- Exercise -
When you write out the listing, keep every character and omit the pictures.

- Records for this task -
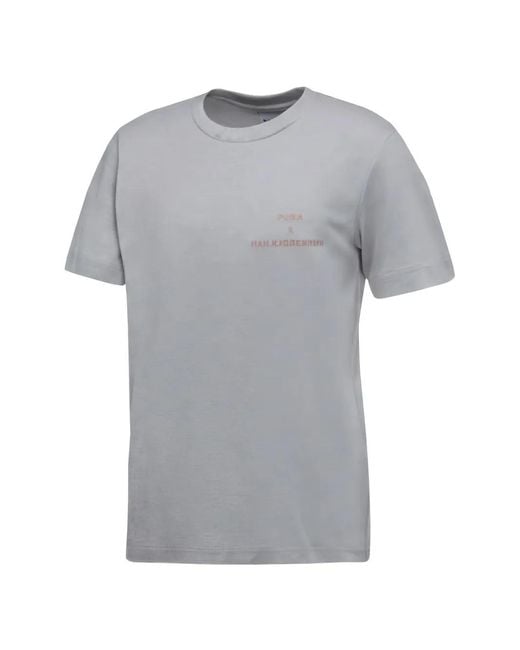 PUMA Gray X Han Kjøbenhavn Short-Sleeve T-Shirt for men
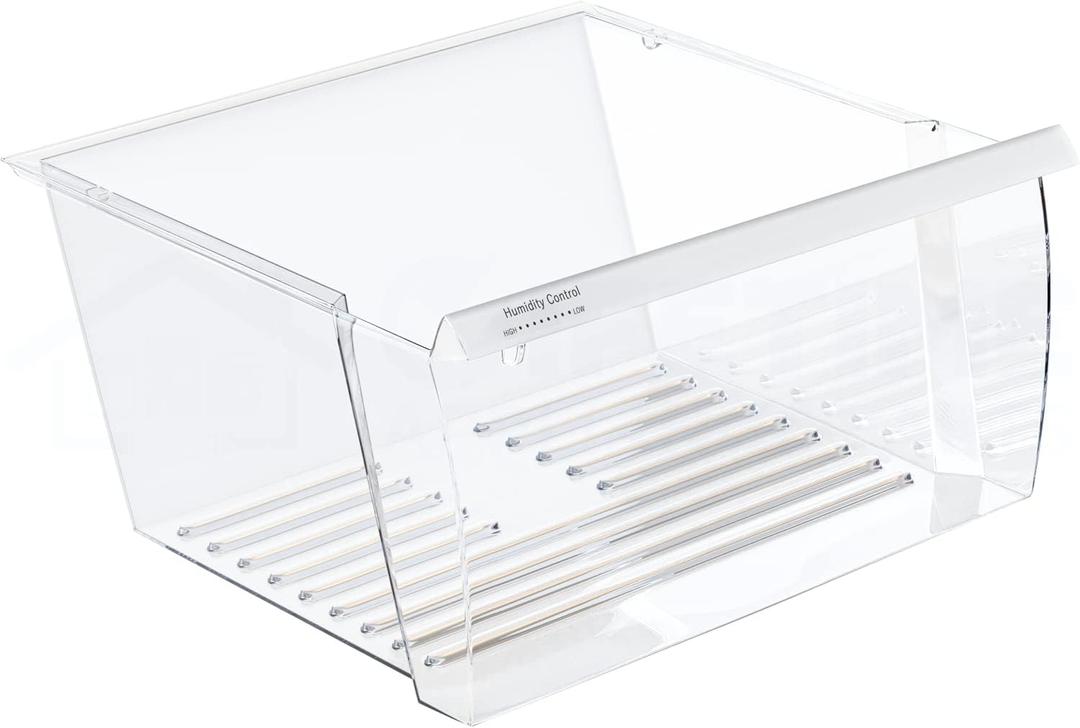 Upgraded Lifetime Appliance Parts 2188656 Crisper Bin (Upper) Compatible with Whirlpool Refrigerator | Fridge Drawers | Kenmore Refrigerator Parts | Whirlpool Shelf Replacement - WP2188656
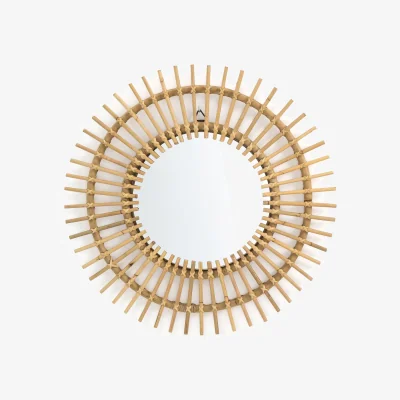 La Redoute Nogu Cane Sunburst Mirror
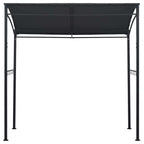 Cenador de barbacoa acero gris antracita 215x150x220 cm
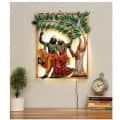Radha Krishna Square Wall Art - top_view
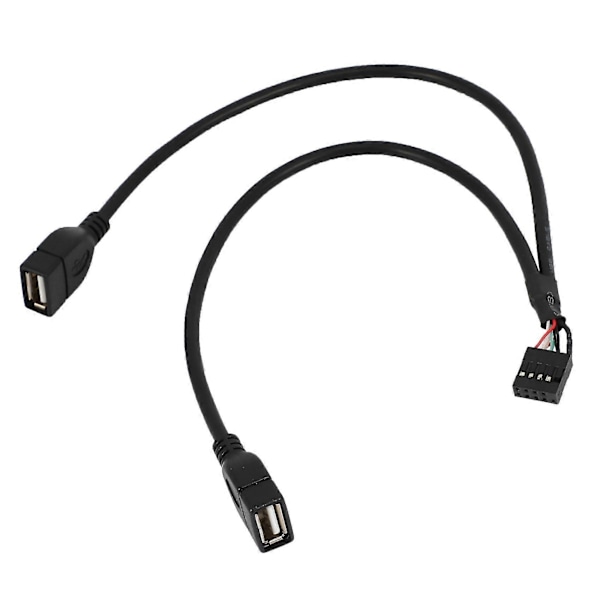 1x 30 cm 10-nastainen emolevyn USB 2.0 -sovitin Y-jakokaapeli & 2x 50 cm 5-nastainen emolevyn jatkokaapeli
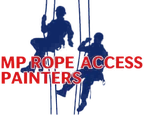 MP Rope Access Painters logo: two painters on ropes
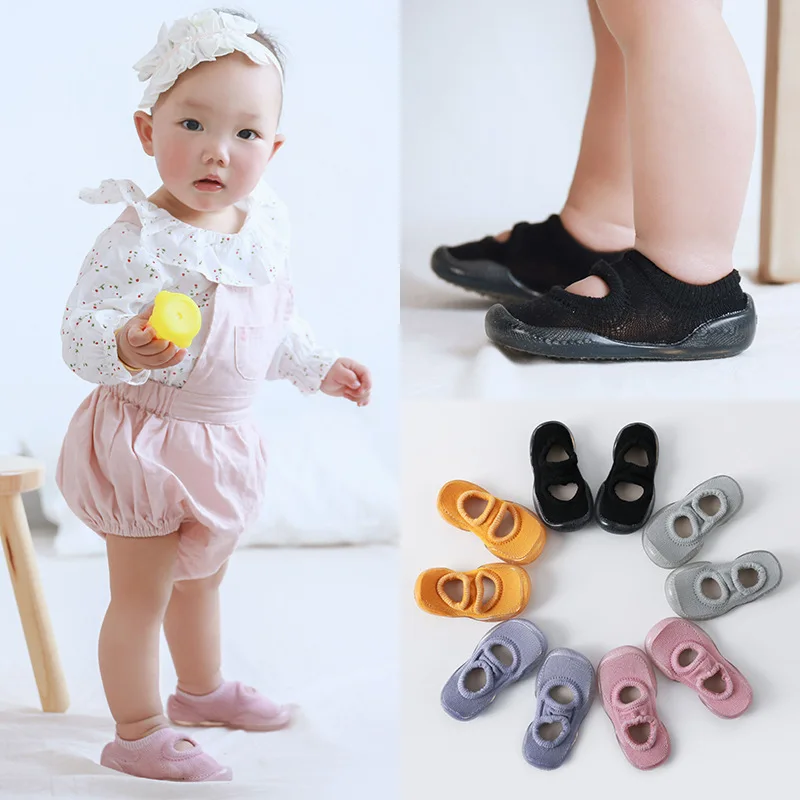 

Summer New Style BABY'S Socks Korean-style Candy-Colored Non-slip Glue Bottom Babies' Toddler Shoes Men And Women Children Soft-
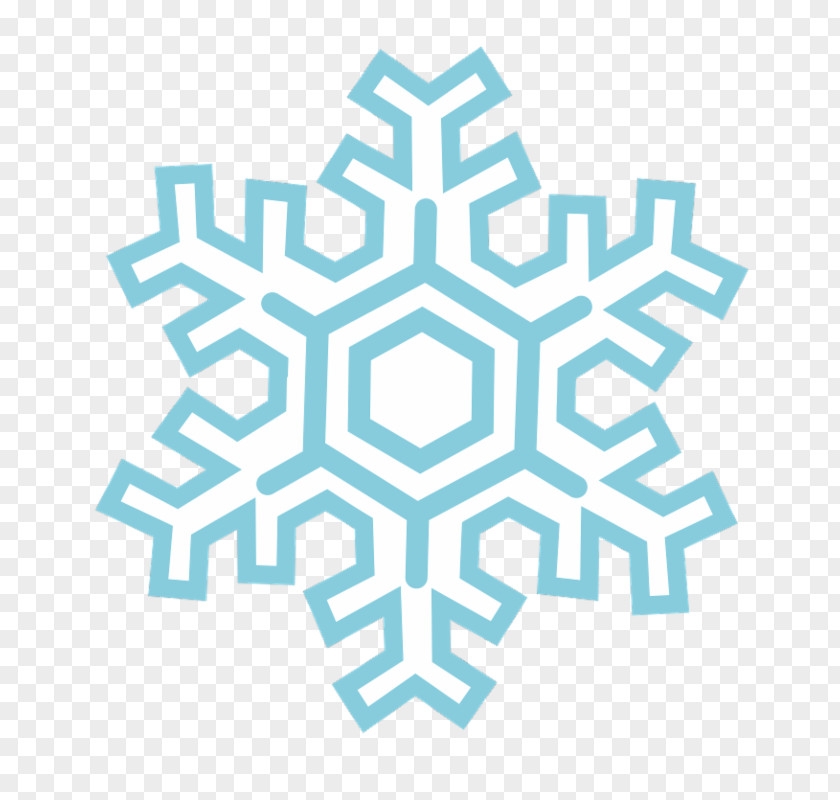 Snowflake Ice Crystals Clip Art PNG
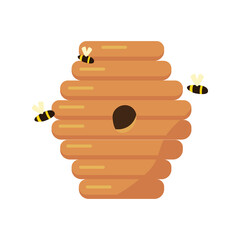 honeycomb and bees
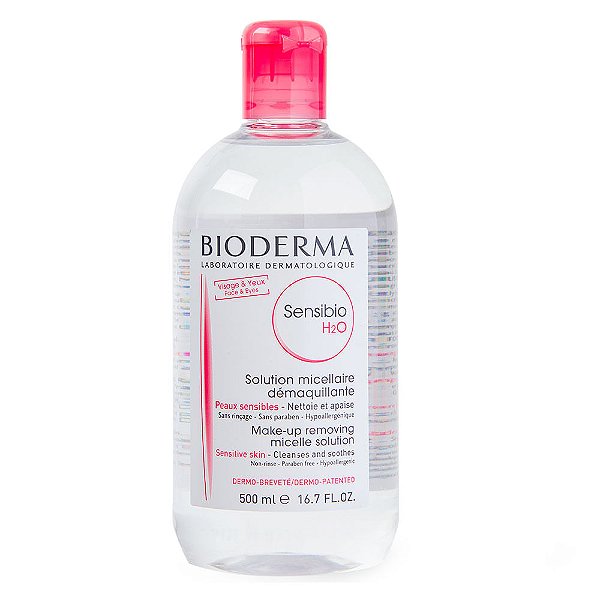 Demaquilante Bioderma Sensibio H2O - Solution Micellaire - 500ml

- Solution below -
 PUMA Gray X Han Kjøbenhavn Short-Sleeve T-Shirt for men
 Upgraded Lifetime Appliance Parts 2188656 Crisper Bin (Upper) Compatible with Whirlpool Refrigerator | Fridge Drawers | Kenmore Refrigerator Parts | Whirlpool Shelf Replacement - WP2188656
 La Redoute Nogu Cane Sunburst Mirror
 Cenador de barbacoa acero gris antracita 215x150x220 cm
Radha Krishna Square Wall Art - top_view
 1x 30 cm 10-nastainen emolevyn USB 2.0 -sovitin Y-jakokaapeli & 2x 50 cm 5-nastainen emolevyn jatkokaapeli
 MP Rope Access Painters logo: two painters on ropes

Summer New Style BABY'S Socks Korean-style Candy-Colored Non-slip Glue Bottom Babies' Toddler Shoes Men And Women Children Soft-
 Snowflake Ice Crystals Clip Art PNG
 honeycomb and bees
 Demaquilante Bioderma Sensibio H2O - Solution Micellaire - 500ml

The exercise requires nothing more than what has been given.